Report checkpoint progress in server logs

From: Bharath Rupireddy <bharath(dot)rupireddyforpostgres(at)gmail(dot)com>
To: PostgreSQL Hackers <pgsql-hackers(at)lists(dot)postgresql(dot)org>
Subject: Report checkpoint progress in server logs
Date: 2021-12-29 14:30:54
Message-ID: CALj2ACV-F+K+z+XW8fnK4MV71qz2gzAMxFnYziRgZURMB5ycAQ@mail.gmail.com
Views: Raw Message | Whole Thread | Download mbox | Resend email
Thread:
Lists: pgsql-hackers

Hi,

At times, some of the checkpoint operations such as removing old WAL
files, dealing with replication snapshot or mapping files etc. may
take a while during which the server doesn't emit any logs or
information, the only logs emitted are LogCheckpointStart and
LogCheckpointEnd. Many times this isn't a problem if the checkpoint is
quicker, but there can be extreme situations which require the users
to know what's going on with the current checkpoint.

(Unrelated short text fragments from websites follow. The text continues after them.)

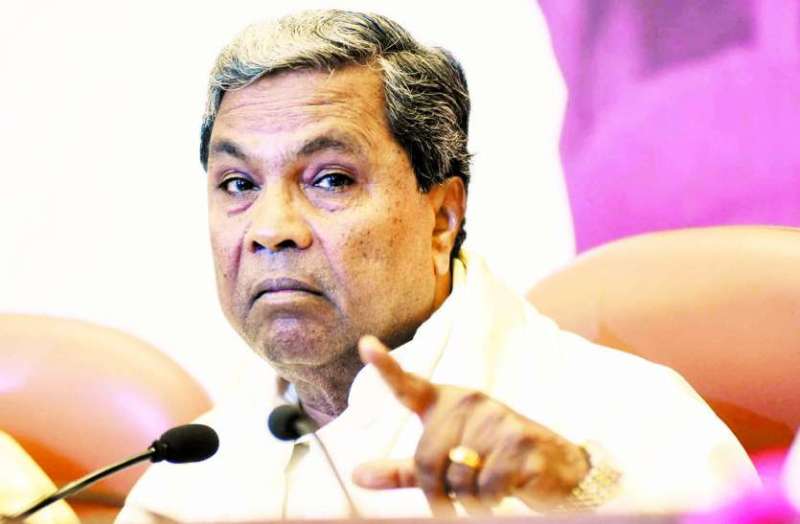 टीकाकरण की मंथर गति पर सिद्धरामय्या नाराज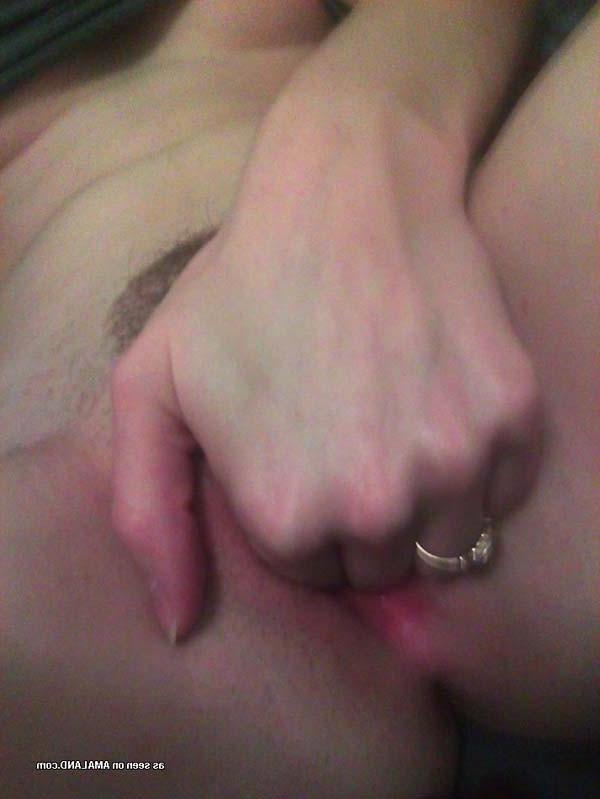 16P Collection of a group of amateur naughty GFs masturbating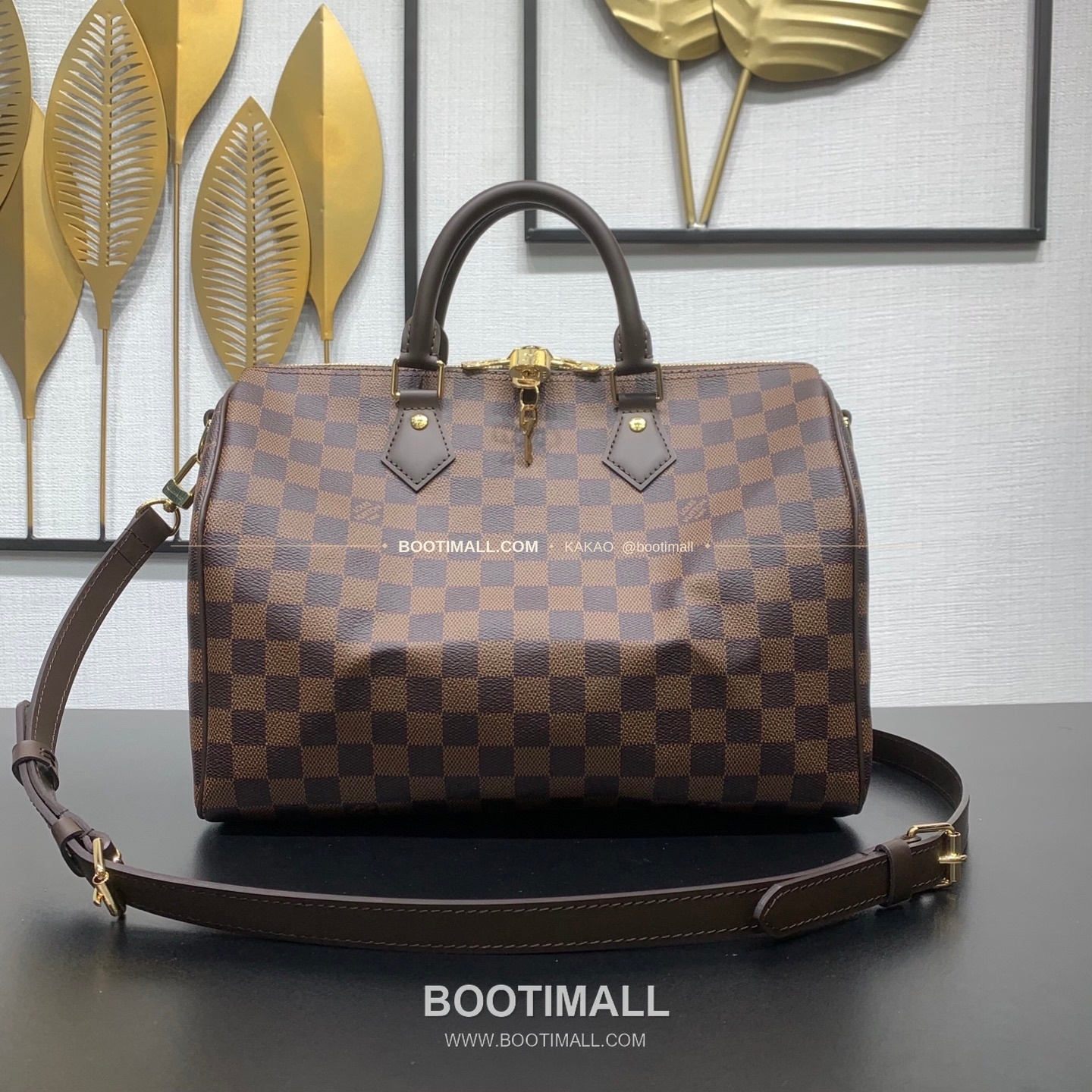 루이비통 스피디 반둘리에 30 다미에 에벤 캔버스 브라운 더플백 Louis Vuitton Speedy Bandouliere 30 Damier Ebene Canvas Brown Duffle Bag N40590 30cm 1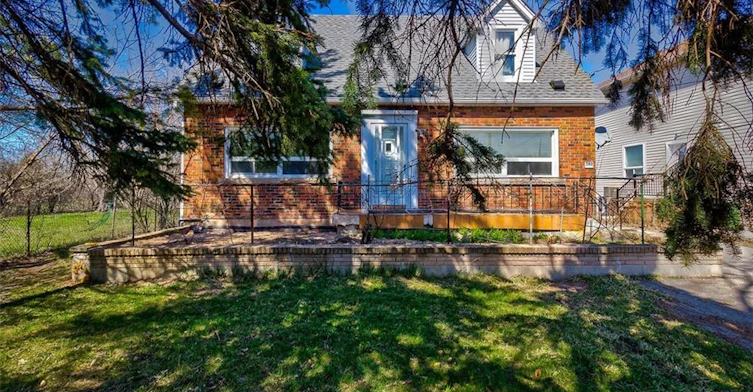 243 8 Highway, Hamilton, ON, L8G 1E2 - 2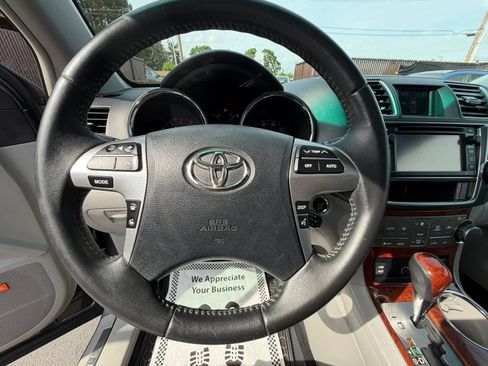 Used 2013 Toyota Highlander Limited FWD image 20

Given that the commit 9ce346ea [1] introduced a nice mechanism to
report the long running operations of the startup process in the
server logs, I'm thinking we can have a similar progress mechanism for
the checkpoint as well. There's another idea suggested in a couple of
other threads to have a pg_stat_progress_checkpoint similar to
pg_stat_progress_analyze/vacuum/etc. But the problem with this idea is
during the end-of-recovery or shutdown checkpoints, the
pg_stat_progress_checkpoint view isn't accessible as it requires a
connection to the server which isn't allowed.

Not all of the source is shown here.